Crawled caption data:
════════════════
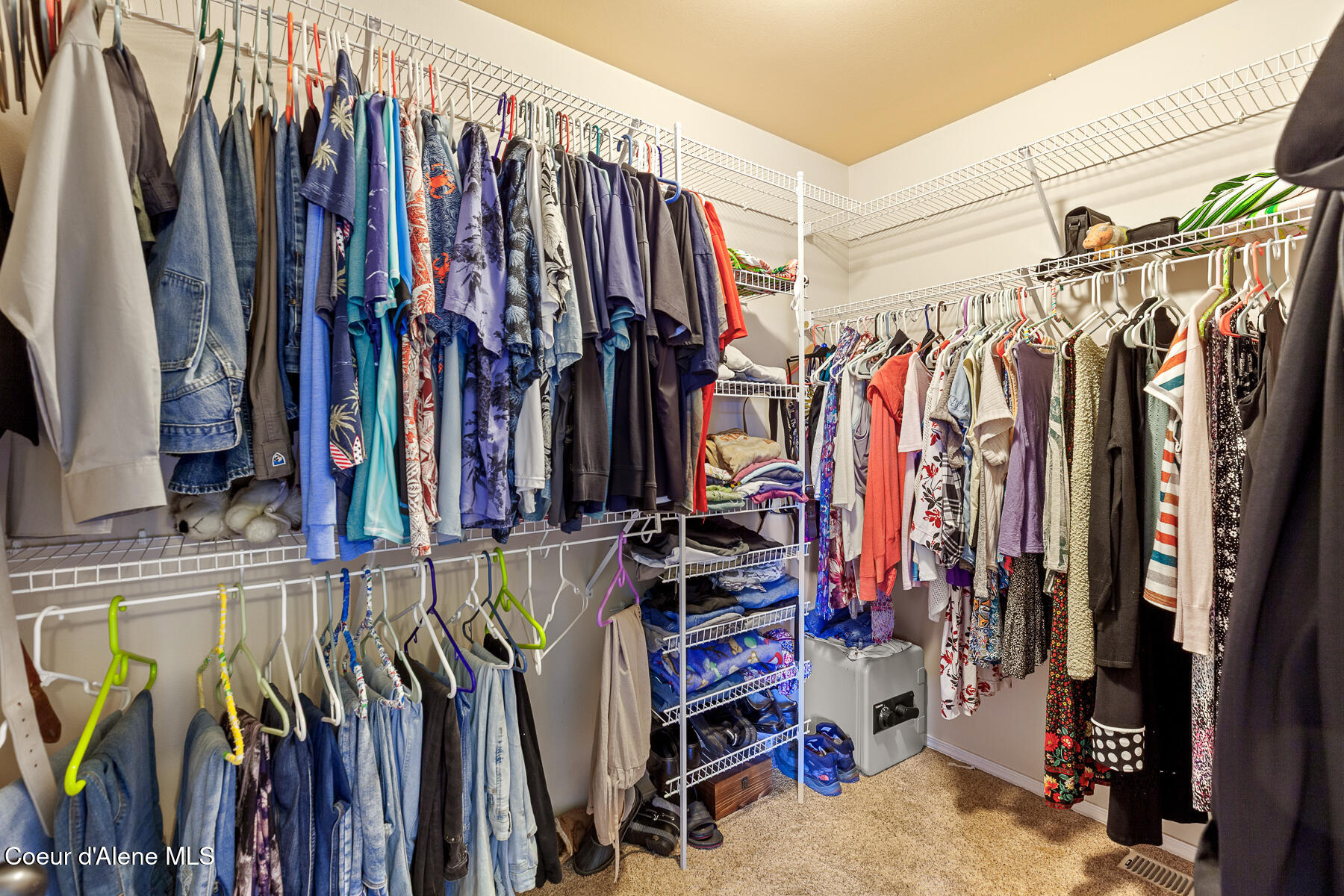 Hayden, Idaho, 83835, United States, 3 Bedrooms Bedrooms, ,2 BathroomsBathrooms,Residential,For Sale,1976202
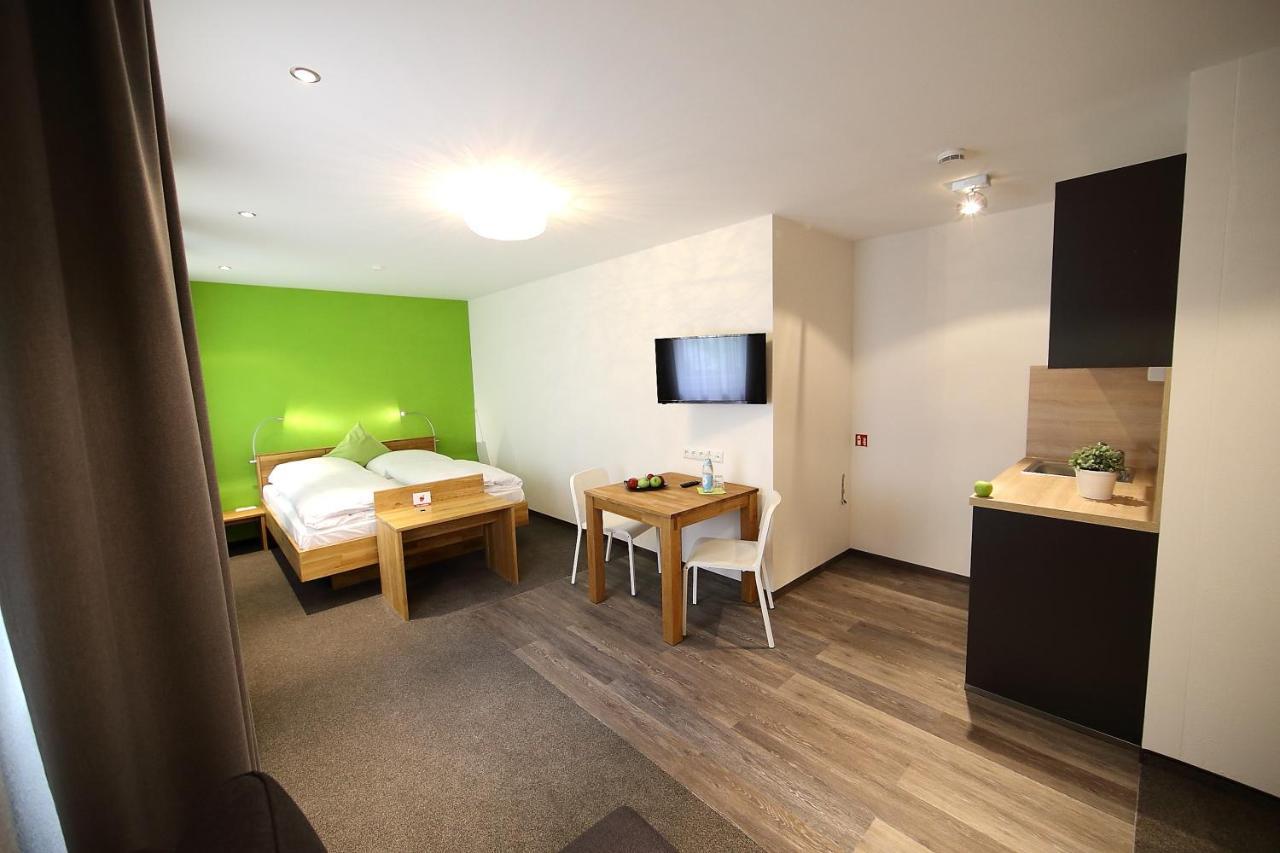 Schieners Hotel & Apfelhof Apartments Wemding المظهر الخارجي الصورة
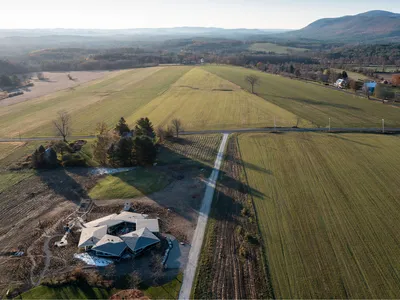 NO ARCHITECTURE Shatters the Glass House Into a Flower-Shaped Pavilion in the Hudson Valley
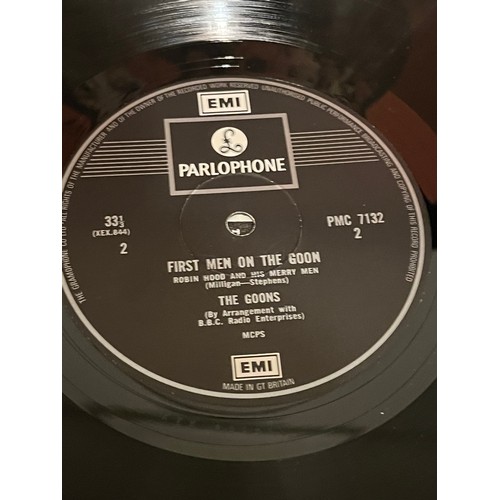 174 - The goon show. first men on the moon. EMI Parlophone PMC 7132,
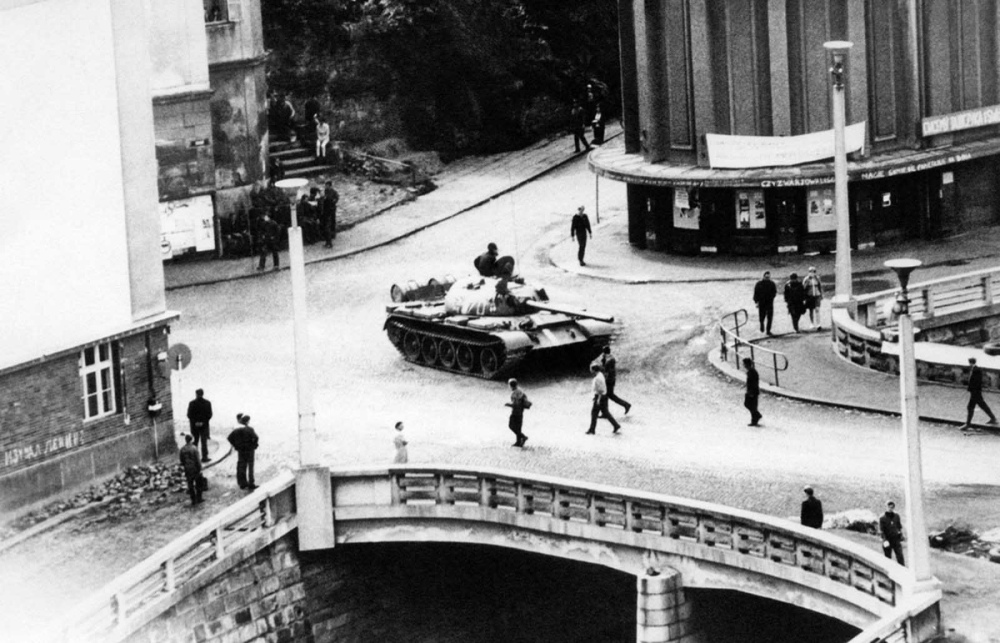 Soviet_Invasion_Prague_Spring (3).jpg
════════════════
● Activity
Beginning with the line that contains "174 - The goon" in the data above, please copy each line exactly until the last line, both ends included, skipping any pictures.

● Solution for this task
 174 - The goon show. first men on the moon. EMI Parlophone PMC 7132,
 Soviet_Invasion_Prague_Spring (3).jpg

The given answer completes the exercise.